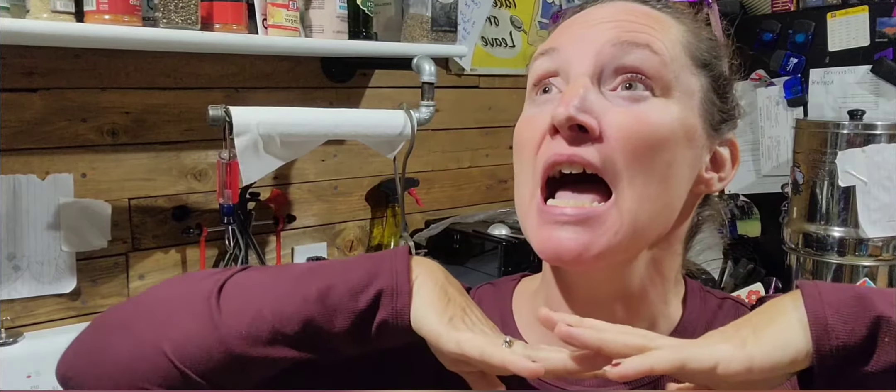Hey guys, welcome back to the Ticket or Leave it kitchen. It is finally fall around here, which means you and I are going to be spending a lot more time in the kitchen.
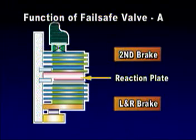Since those two brakes share the reaction plate, they cannot operate simultaneously in any case. If they operate simultaneously, it may cause automatic transaxle interlock and serious damage to the mechanical system, including the inside bearings of the automatic transaxle.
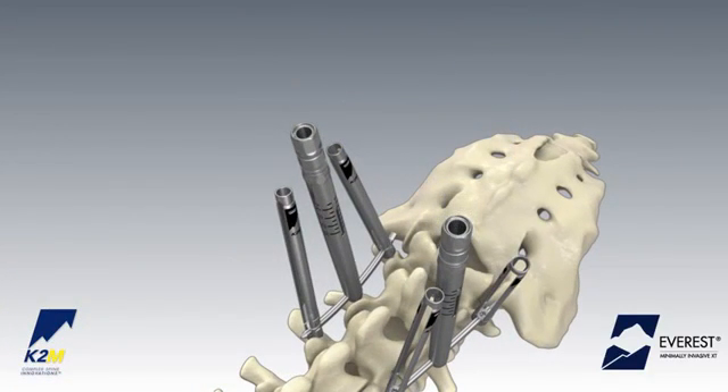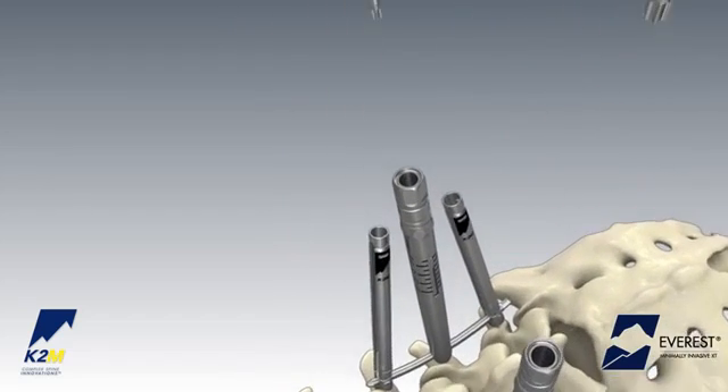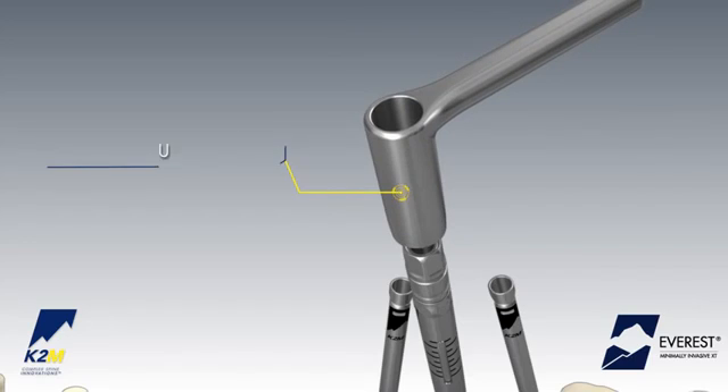Attach the set screw to the split tip provisional driver and insert it into the cannula of the tab reduction tunnel and into the implant housing. The tab reduction tunnel can be used to final tighten the set screw with the use of the anti-torque handle.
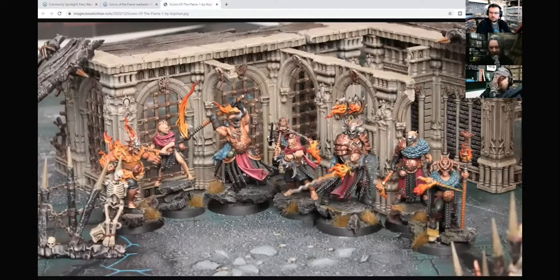We're starting off with some War Cry with the Sions of the Flame Warband, which is one of the newer warbands in Warhammer Underworlds, painted up by Koh Johan as part of our project system. These are some excellently painted and photographed miniatures.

*****

Problem to work on:
The answer must be the whole listing, word for word, with no pictures in it. Please write it out.

Exercise answer:
Hey guys, welcome back to the Ticket or Leave it kitchen. It is finally fall around here, which means you and I are going to be spending a lot more time in the kitchen.
Since those two brakes share the reaction plate, they cannot operate simultaneously in any case. If they operate simultaneously, it may cause automatic transaxle interlock and serious damage to the mechanical system, including the inside bearings of the automatic transaxle.
Attach the set screw to the split tip provisional driver and insert it into the cannula of the tab reduction tunnel and into the implant housing. The tab reduction tunnel can be used to final tighten the set screw with the use of the anti-torque handle.
We're starting off with some War Cry with the Sions of the Flame Warband, which is one of the newer warbands in Warhammer Underworlds, painted up by Koh Johan as part of our project system. These are some excellently painted and photographed miniatures.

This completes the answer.